The more you pick away at the idea of cultural appropriation, you realize that the rules people set out for it make very little sense outside of the egregious examples of something like headdresses at Coachella, etc. My personal rule is just not to disrespect people and parts of their culture they find important. The color of my skin or the actions of either of our ancestors shouldn’t play into it, IMO.


> My personal rule is just not to disrespect people and parts of their culture they find important.

What even is named by the word “disrespect”?

Is disrespecting me just any behavior that I call “disrespectful”?

Seems like bullshit to me.


To me, disrespecting you is any behaviour which _I_ find disrespectful. If I was mistaken, I'd apologize. I can't control how you feel, burrows, I can only control what I say.
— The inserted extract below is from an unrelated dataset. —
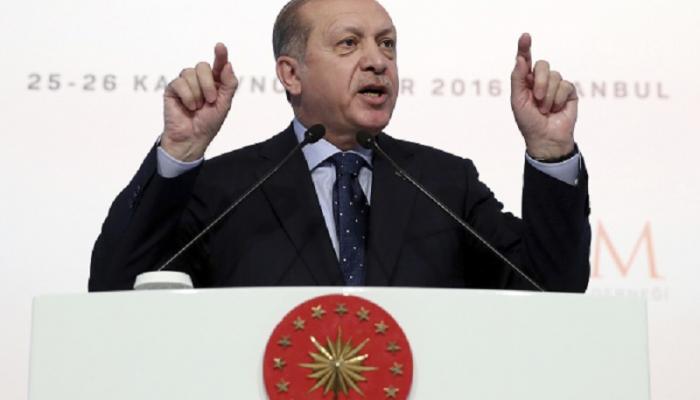 الرئيس التركي، رجب طيب أردوغان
> My personal rule is just not to disrespect people and parts of their culture they find important

In the Simbari culture, it is considered important for young boys to be taken away from their families, be beaten and forced to fellate the older members of the tribe.

Does your personal rule of not disrespecting "people and parts of their culture" hold in their case?

Link: https://en.wikipedia.org/wiki/Simbari_people


In Hebrew culture, it is considered important to remove part of the genitals of an infant boy in a long and bloody ceremony. Personally I'd never subjugate myself or my kin to it, but I know plenty of Jewish people and have never tried to debate them about it.

If a Simbari person wanted to have an earnest discussion about whether the practice you're describing was acceptable, I'd of course tell them that I think it's barbaric and insane. But if you're asking whether I'd seek out Simbari people out to tell them I feel that way? No, I would not. So my heuristic holds true, but I do appreciate the gotcha :)


> "majority" and "minority" are never about raw numbers but power dynamics.

So the concept "minority rule" is a contradiction in terms, since if a group rules it's per definition the majority?


If you are talking about power, it is an oxymoron.

If you are talking about numbers, it is not.

In this context it's the first.


The whole concept is absurd, reading Wikipedia won't fix that.